Configuring your Lambda function

After you create a function, you can use the built-in configuration options to control its behavior. You can configure additional capabilities, adjust resources associated with your function, such as memory and timeout, or you can also create and edit test events to test your function using the console.

Memory and timeout in runtime configuration

You can configure two very important elements, memory and timeout on the Configuration > General configuration tab of the Lambda function details screen.

The appropriate values for these two settings depend on the data flow to be deployed. Typically, it is recommended to start with 1536-2048 MB (1.5 - 2 GB) memory allocated to Lambda. This amount of memory may be more than necessary or less than required. The default value of 512 MB may be perfectly fine for many use cases. You can adjust this value later as you see how much memory your function needs.

While Cloudera DataFlow Functions tend to perform very well during a warm start, a cold start that must source extensions (processors, controller services, and so on) may take several seconds to initialize. So it is recommended to set the Timeout to at least 30 seconds. If the data flow to run reaches out to many other services or performs complex computation, it may be necessary to use a larger value, even several minutes.

Click Edit if you want to change the default values.

See the corresponding AWS documentation to learn more about timeout duration and memory sizing, which determines the amount of resources provisioned for your function.

Runtime environment variables

You must configure the function to specify which data flow to run and add any necessary runtime configuration using environment variables.

  1. Navigate to the Configuration tab and select Environment variables from the menu on the left.
  2. Click Edit on the Environment variables pane.
  3. Define your environment variables as key-value pairs.
    You can add one or more environment variables to configure the function. The following environment variables are supported:
    Variable Name Description Required Default Value
    FLOW_CRN

    The Cloudera Resource Name (CRN) for the data flow that is to be run.

    The data flow must be stored in the Cloudera DataFlow Catalog.
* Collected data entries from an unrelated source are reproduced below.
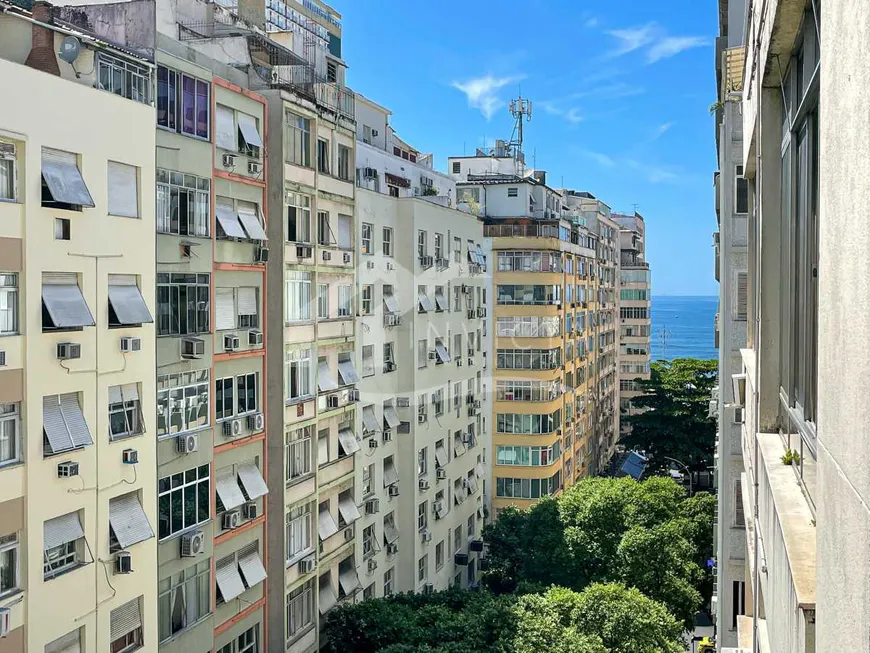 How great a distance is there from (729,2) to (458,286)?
21804 mm

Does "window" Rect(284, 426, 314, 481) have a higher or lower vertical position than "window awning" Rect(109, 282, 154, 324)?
lower

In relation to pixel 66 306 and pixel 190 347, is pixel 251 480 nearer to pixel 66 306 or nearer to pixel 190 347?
pixel 190 347

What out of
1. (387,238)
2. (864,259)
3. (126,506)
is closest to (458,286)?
(387,238)

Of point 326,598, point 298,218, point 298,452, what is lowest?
point 326,598

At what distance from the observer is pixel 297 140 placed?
86.6ft

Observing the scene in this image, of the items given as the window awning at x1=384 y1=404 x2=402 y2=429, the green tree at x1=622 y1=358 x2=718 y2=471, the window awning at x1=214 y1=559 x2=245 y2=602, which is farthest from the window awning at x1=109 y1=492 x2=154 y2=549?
the green tree at x1=622 y1=358 x2=718 y2=471

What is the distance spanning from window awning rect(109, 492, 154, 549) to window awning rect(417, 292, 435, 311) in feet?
60.7

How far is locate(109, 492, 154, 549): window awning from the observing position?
59.4ft

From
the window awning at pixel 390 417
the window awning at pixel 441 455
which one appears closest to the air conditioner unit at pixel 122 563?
the window awning at pixel 390 417

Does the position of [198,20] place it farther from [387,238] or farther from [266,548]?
[266,548]

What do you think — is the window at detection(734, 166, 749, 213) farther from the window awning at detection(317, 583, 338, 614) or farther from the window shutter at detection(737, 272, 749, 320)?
the window awning at detection(317, 583, 338, 614)

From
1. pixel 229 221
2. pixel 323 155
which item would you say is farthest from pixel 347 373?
pixel 229 221

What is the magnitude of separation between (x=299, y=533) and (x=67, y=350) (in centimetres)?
1164

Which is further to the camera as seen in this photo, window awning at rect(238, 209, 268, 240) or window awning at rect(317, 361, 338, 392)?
window awning at rect(317, 361, 338, 392) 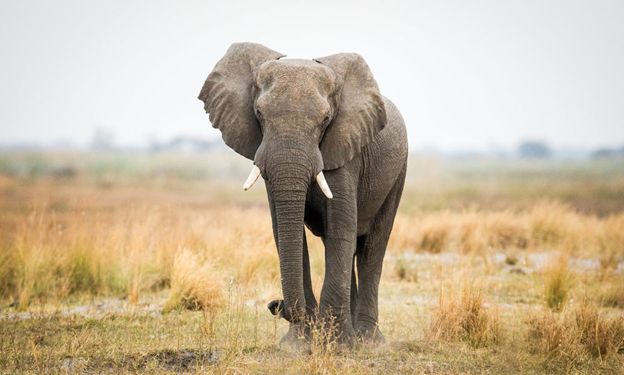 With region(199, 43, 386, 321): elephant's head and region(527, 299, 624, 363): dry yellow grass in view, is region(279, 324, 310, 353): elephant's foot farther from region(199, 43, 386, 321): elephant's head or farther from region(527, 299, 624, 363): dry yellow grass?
region(527, 299, 624, 363): dry yellow grass

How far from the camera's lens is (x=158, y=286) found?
13828 mm

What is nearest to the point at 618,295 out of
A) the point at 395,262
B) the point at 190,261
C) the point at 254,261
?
the point at 395,262

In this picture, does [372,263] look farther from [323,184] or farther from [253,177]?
[253,177]

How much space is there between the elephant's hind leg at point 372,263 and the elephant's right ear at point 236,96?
2230mm

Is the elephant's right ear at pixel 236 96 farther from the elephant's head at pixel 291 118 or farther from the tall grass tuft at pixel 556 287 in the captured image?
the tall grass tuft at pixel 556 287

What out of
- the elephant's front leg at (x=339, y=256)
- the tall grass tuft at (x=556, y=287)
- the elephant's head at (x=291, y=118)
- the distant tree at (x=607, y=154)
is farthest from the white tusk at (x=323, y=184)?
the distant tree at (x=607, y=154)

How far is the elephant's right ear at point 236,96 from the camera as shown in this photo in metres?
8.74

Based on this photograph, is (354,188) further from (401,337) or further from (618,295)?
(618,295)

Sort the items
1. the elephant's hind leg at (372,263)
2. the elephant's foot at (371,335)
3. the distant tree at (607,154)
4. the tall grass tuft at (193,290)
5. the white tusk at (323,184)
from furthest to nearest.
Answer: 1. the distant tree at (607,154)
2. the tall grass tuft at (193,290)
3. the elephant's hind leg at (372,263)
4. the elephant's foot at (371,335)
5. the white tusk at (323,184)

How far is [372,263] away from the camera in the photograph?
1037 cm

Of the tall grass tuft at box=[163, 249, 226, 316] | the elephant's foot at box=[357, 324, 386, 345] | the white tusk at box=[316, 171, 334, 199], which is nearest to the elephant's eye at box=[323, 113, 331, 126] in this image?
the white tusk at box=[316, 171, 334, 199]

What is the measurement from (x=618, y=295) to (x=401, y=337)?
468 cm

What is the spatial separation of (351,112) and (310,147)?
2.80 feet

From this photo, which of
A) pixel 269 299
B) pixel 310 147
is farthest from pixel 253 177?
pixel 269 299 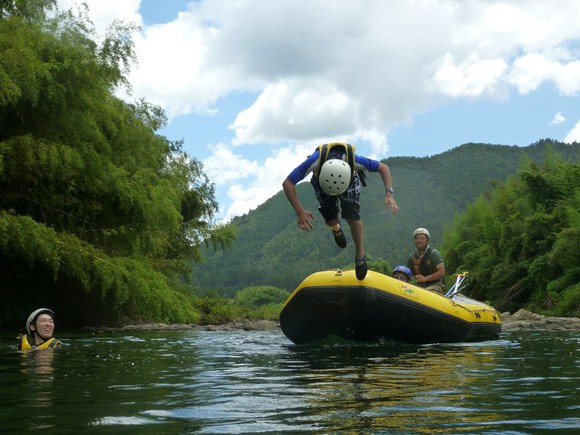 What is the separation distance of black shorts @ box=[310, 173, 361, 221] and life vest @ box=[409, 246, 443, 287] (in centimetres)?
306

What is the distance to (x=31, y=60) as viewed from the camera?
12961mm

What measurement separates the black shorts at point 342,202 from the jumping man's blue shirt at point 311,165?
0.12 m

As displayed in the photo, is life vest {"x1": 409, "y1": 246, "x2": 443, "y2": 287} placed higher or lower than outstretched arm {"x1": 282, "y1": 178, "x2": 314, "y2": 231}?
lower

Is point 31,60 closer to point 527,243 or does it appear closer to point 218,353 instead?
point 218,353

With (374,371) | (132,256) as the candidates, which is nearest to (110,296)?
(132,256)

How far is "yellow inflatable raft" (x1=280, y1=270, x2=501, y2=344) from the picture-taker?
8.73 m

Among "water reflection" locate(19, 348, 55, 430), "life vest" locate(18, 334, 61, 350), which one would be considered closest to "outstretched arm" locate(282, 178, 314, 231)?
"water reflection" locate(19, 348, 55, 430)

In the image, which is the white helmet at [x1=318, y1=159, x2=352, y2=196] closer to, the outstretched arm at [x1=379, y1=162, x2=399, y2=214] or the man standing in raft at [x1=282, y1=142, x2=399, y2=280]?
the man standing in raft at [x1=282, y1=142, x2=399, y2=280]

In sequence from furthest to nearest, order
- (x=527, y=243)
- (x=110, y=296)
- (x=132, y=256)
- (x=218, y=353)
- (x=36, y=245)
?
(x=527, y=243), (x=132, y=256), (x=110, y=296), (x=36, y=245), (x=218, y=353)

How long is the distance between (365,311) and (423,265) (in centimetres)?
216

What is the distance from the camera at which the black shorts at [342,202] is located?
762 centimetres

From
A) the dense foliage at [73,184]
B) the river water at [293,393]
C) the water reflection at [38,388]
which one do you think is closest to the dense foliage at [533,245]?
the dense foliage at [73,184]

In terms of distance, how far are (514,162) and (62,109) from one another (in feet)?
400

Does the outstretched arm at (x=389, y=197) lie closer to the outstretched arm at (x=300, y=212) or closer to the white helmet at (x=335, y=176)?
the white helmet at (x=335, y=176) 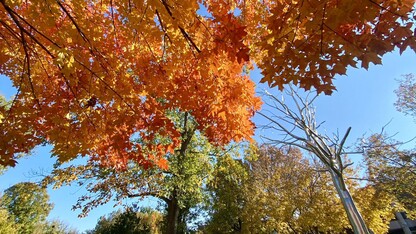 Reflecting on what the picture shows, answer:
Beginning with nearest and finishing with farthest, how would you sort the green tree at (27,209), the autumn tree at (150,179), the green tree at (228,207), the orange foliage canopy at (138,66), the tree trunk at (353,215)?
1. the orange foliage canopy at (138,66)
2. the tree trunk at (353,215)
3. the autumn tree at (150,179)
4. the green tree at (228,207)
5. the green tree at (27,209)

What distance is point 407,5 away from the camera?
1994mm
This CRN should indicate the specific version of the data flow and as such will end with a suffix like /v.1.

    For more information, see Retrieving data flow CRN.

    true --
    DF_PRIVATE_KEY

    The Private Key for accessing the Cloudera DataFlow service.

    The Private Key and Access Key are used to authenticate with the Cloudera DataFlow Service and they must provide the necessary authorizations to access the specified data flow.

    For more information, see Provisioning Access Key ID and Private Key.

    true --
    DF_ACCESS_KEY

    The Access Key for accessing the Cloudera DataFlow service.

    The Private Key and Access Key are used to authenticate with the Cloudera DataFlow Service and they must provide the necessary authorizations to access the specified data flow.

    For more information, see Provisioning Access Key ID and Private Key.

    true --
    INPUT_PORT

    The name of the Input Port to use.

    If the specified data flow has more than one Input Port at the root group level, this environment variable must be specified, indicating the name of the Input Port to queue up the AWS Lambda notification. If there is only one Input Port, this variable is not required. If it is specified, it must properly match the name of the Input Port.

    false --
    OUTPUT_PORT

    The name of the Output Port to retrieve the results from.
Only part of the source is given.